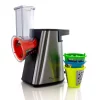 Kitchen Gadgets & Tools MegaChef Megachef Stainless Steel Electric Salad Maker, Salad Shooter, Shredder, Slicer, Chopper And Shooter 2 Kitchen Gadgets & Tools MegaChef Megachef Stainless Steel Electric Salad Maker, Salad Shooter, Shredder, Slicer, Chopper And Shooter -Weston Shop megachef food choppers 985112283m 64 1000
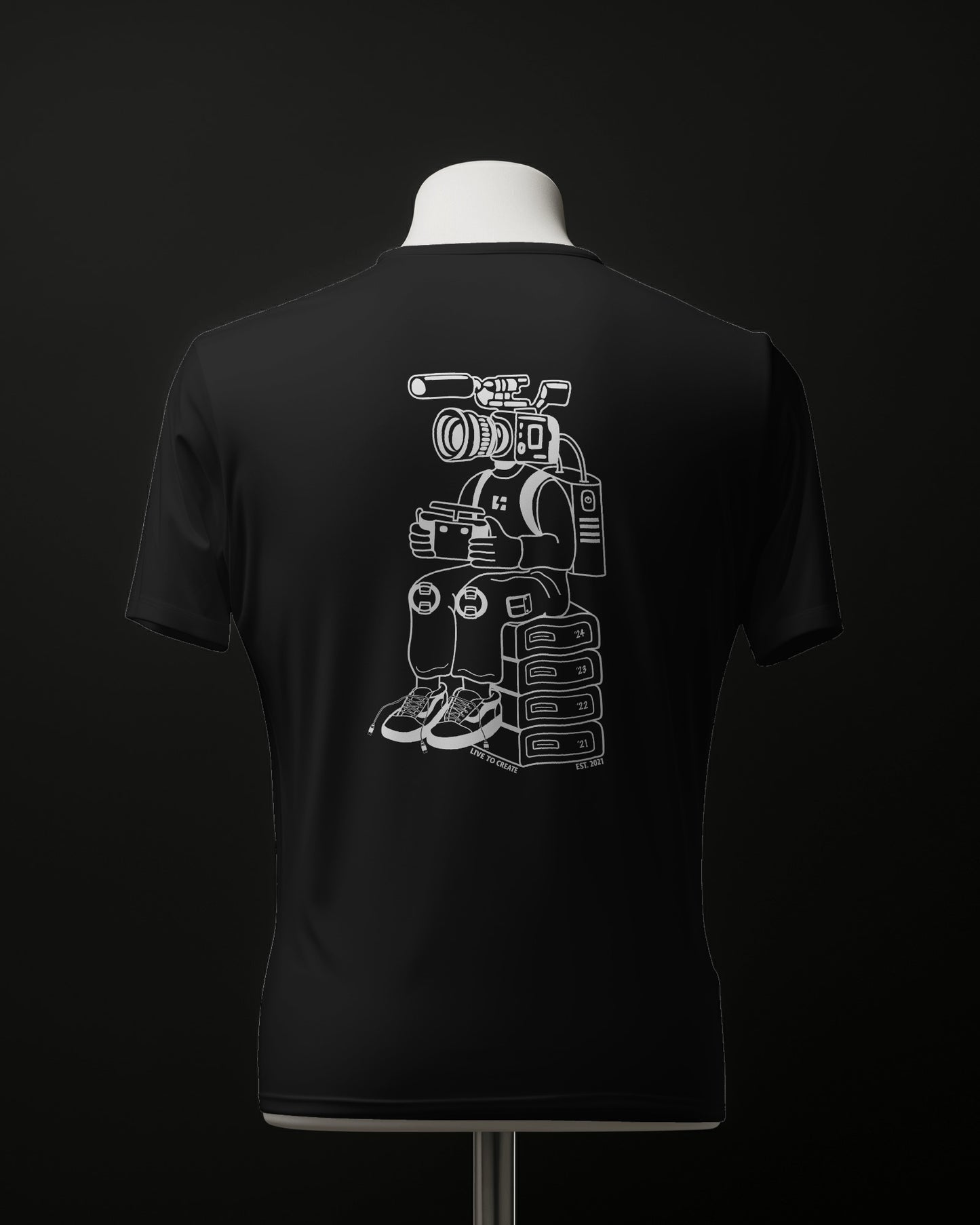Live To Create: Limited Edition 4 Year Tee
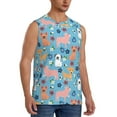 thumbnail image 2 of Uemuo Cute Dog Pattern Men's Sleeveless T-Shirt,Muscle Athletic Tank Top, Moisture-wicking Quick-dry Breathable Classic Tee Top for Gym Run Outdoor Sports-Large, 2 of 8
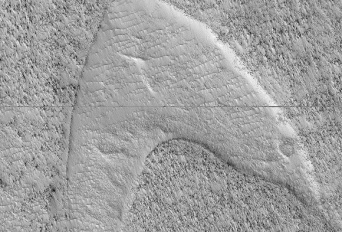 NASAの研究者、火星にスタートレックのロゴを発見！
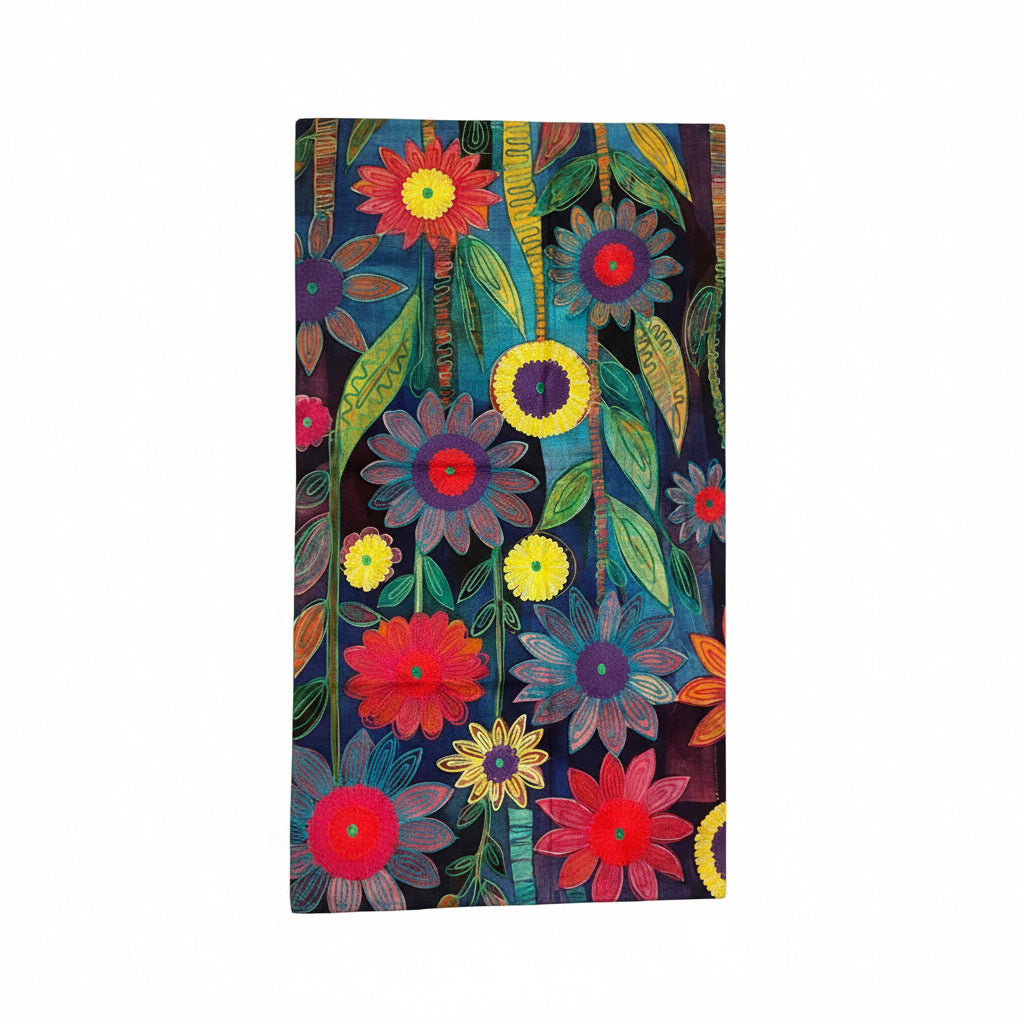 Cashmere Shawl with Silk Embroidery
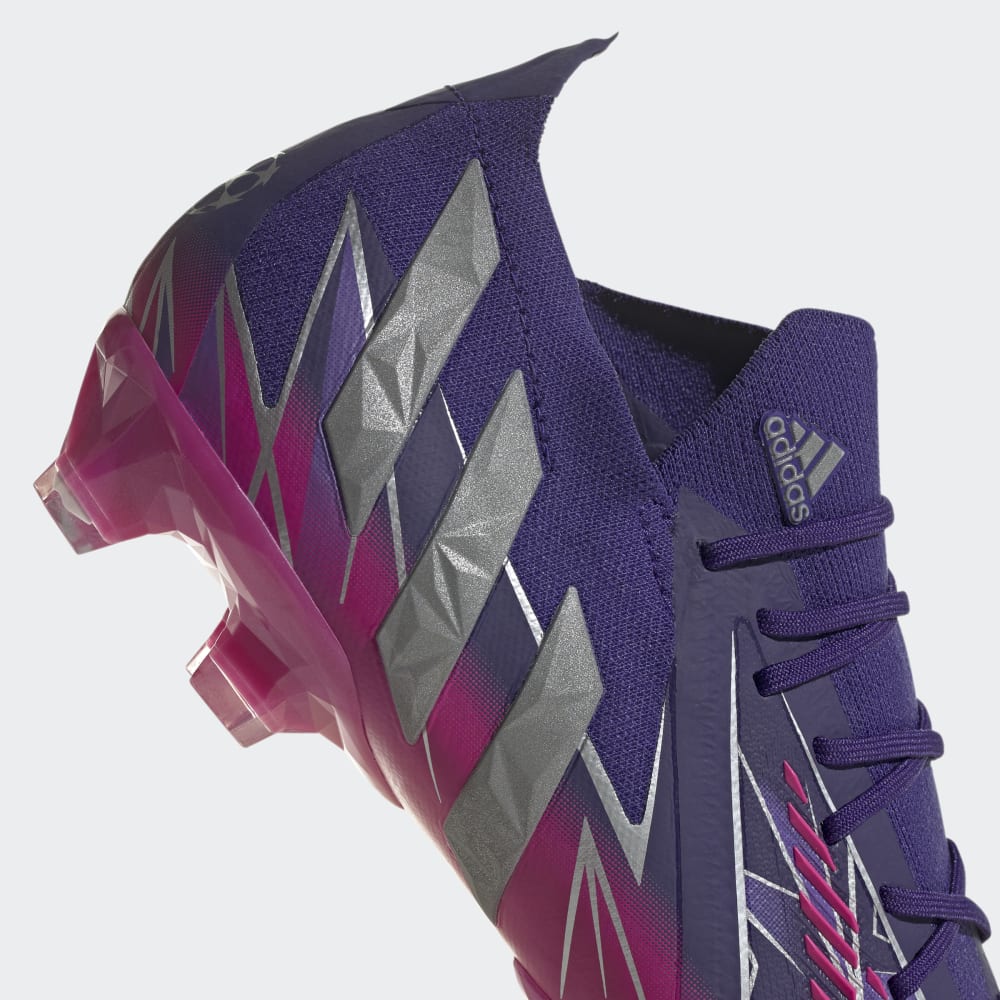 adidas Predator Edge.1 FG Low Firm Ground Boots Team College Purple/Silver Metallic/Team Shock Pink - Best Buy Soccer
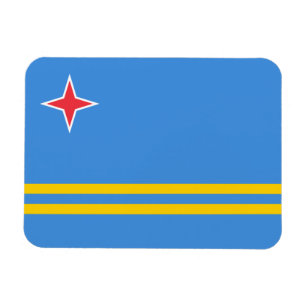Patriotiska Arubaflaggan Magnet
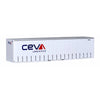 On Track Models HO Scale New CEVA 40' Curtain Sided Containers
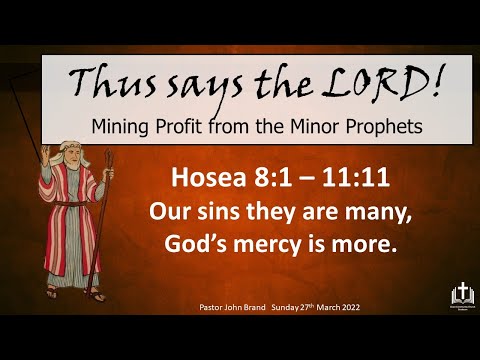 Our Sins They Are Many, God's Mercy Is More (Hosea 8:1 - 11:11)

**Task instructions:** Every line of the listing must be reproduced exactly, though the pictures are to be left out.

**Solution to the problem:**
 Kitchen Gadgets & Tools MegaChef Megachef Stainless Steel Electric Salad Maker, Salad Shooter, Shredder, Slicer, Chopper And Shooter 2 Kitchen Gadgets & Tools MegaChef Megachef Stainless Steel Electric Salad Maker, Salad Shooter, Shredder, Slicer, Chopper And Shooter -Weston Shop megachef food choppers 985112283m 64 1000
Live To Create: Limited Edition 4 Year Tee
 thumbnail image 2 of Uemuo Cute Dog Pattern Men's Sleeveless T-Shirt,Muscle Athletic Tank Top, Moisture-wicking Quick-dry Breathable Classic Tee Top for Gym Run Outdoor Sports-Large, 2 of 8
 NASAの研究者、火星にスタートレックのロゴを発見！
 Cashmere Shawl with Silk Embroidery
 adidas Predator Edge.1 FG Low Firm Ground Boots Team College Purple/Silver Metallic/Team Shock Pink - Best Buy Soccer
Patriotiska Arubaflaggan Magnet
 On Track Models HO Scale New CEVA 40' Curtain Sided Containers
 Our Sins They Are Many, God's Mercy Is More (Hosea 8:1 - 11:11)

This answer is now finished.